Sony Puts Record Straight on High frame Rates

Sony has hit back at perceptions that competitor Christie is leading the charge to introduce high frame rate projection systems into cinema exhibition, claiming that its systems are already advanced for HFR display today.

Christie made headlines when it received the backing of James Cameron in demonstrations of HFR at Cinemacon and IBC earlier this year. It also signed a five year pact with Cameron’s Lightstorm Entertainment to develop and market high frame rate systems.

The series II projectors of Christie and its fellow DLP-based TI licensees, Barco and NEC, require a software upgrade and the installation of an Integrated Media Block (IMB) which overcomes the bandwidth limitations in the connection from server to projector.

All the major projection systems vendors are likely to offer the relatively simple HFR upgrades so that exhibitors avoid having to fund a full system replacement. One estimate puts the cost of an IMB plus firmware upgrade at US $3,000.

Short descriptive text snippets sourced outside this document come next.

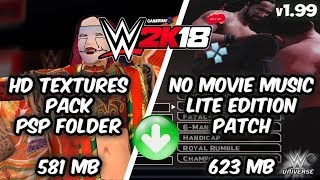 10K SUB SPECIAL - GamerNafZ's WWE 2K18 v1.99 HD Textures Pack Folder + Lite Edition Download Link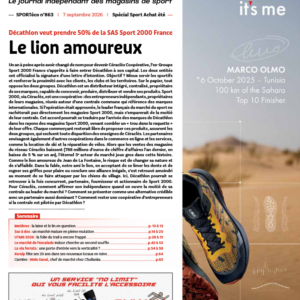 Couv SPORTeco 863 du 7 septembre 2026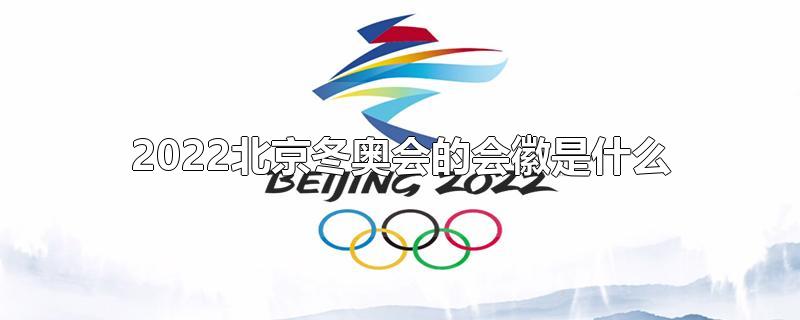 2022北京冬奥会的会徽是什么名字(2022年北京冬奥会logo设计)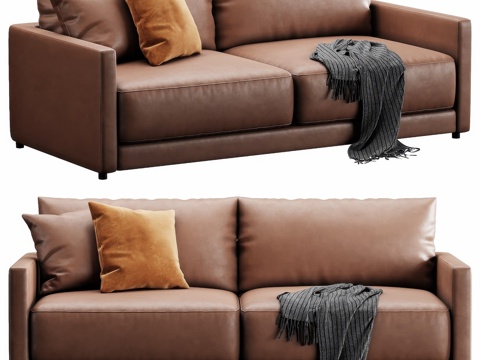 Modern double sofa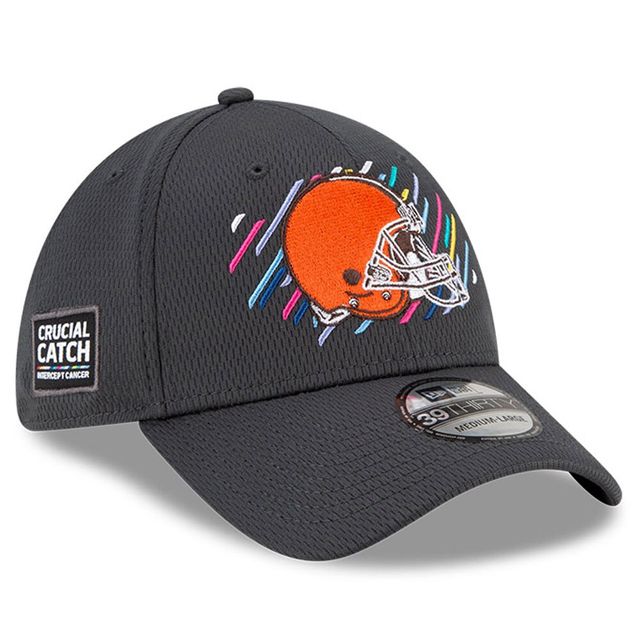 Casquette Cleveland Browns NFL 2021 Charcoal New Era pour homme - 39THIRTY Flex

Sony also requires a firmware upgrade but has an IMB already incorporated in the design of its SXRD 4K projectors. Peter Jackson’s The Hobbit could be projected at 2x48 fps (96 fps) today with the addition of that firmware, Sony claims. All that is missing is the revision of the DCI specifications, which currently only support 48 fps mainly for the purpose of 2x24 fps playback for 3D.

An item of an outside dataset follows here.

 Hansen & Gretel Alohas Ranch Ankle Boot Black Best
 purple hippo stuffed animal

HFR is claimed to improve the image quality, particularly over standard 24fps, on fast-moving scenes and camera pans by reducing visual artefacts such as motion blur, judder, and flicker. The effect is even more apparent on 3D features, since the human eye and brain are more sensitive to such artefacts when separate left and right images are projected, “in particular with systems using triple flash,” said Oliver Pasch, head of european digital cinema sales at Sony Professional.

In fact, the brunt of the cost of switching to higher frame rates will be borne by post production, which is required to increase disk storage space and allocate more time to render special effects. This increases again if 4K projection of 3D content (96fps 4K) is desired.

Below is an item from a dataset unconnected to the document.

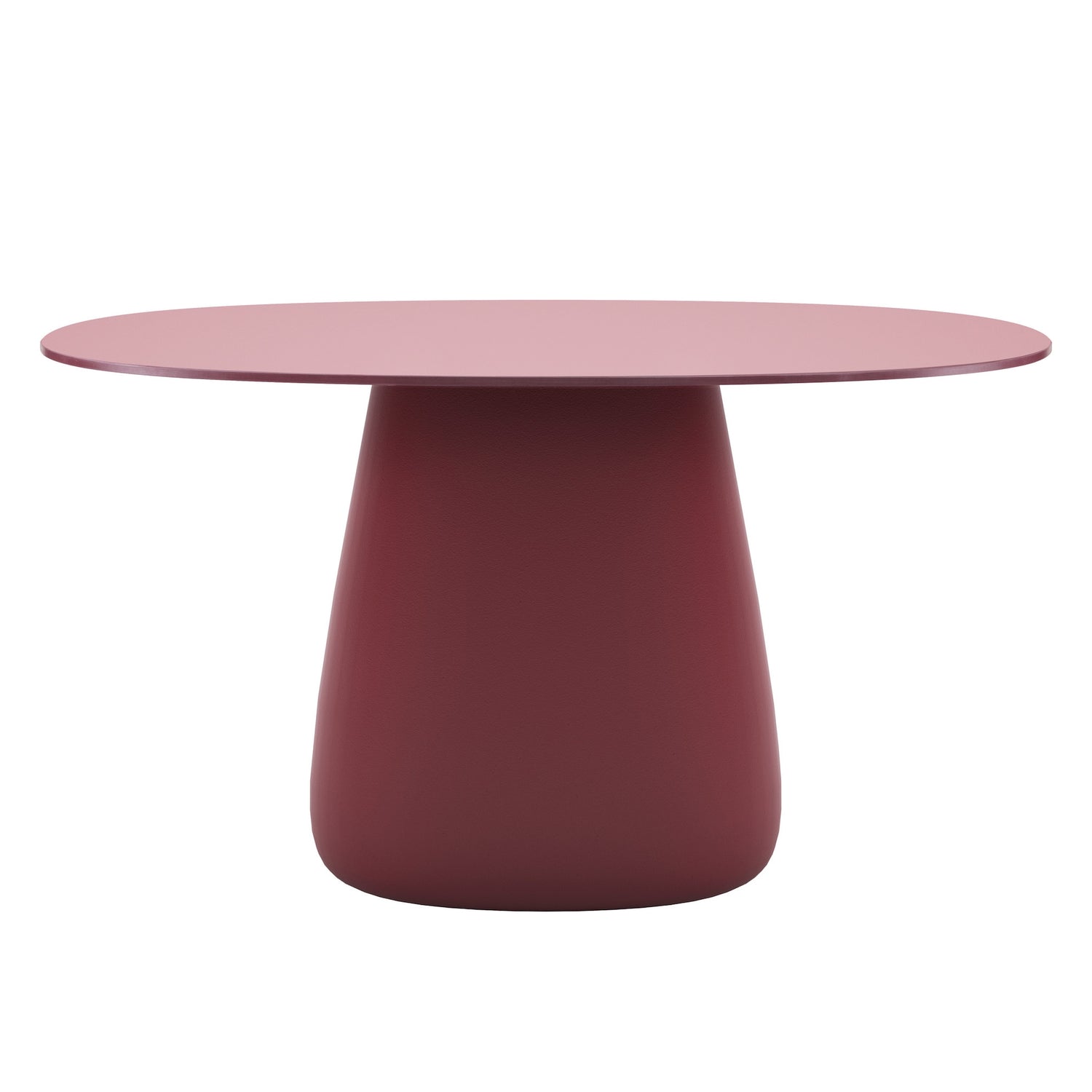 Cobble Table TOP 135, für drinnen &amp; draußen in rot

The DCI specifies that films must be compressed using JPEG 2000 with a maximum bit-rate of 250Mbps. That would ramp up to 400-480Mbps for 48fps and 500-600Mbps for 60 fps. The size of the DCP will increase in similar proportions.

Matt Cuson, senior director of cinema, Dolby Laboratories, notes that some industry studies suggest that an 8K resolution really starts to have a dramatic effect, but HFR will be the most dramatic visual improvement the industry will see in the short term.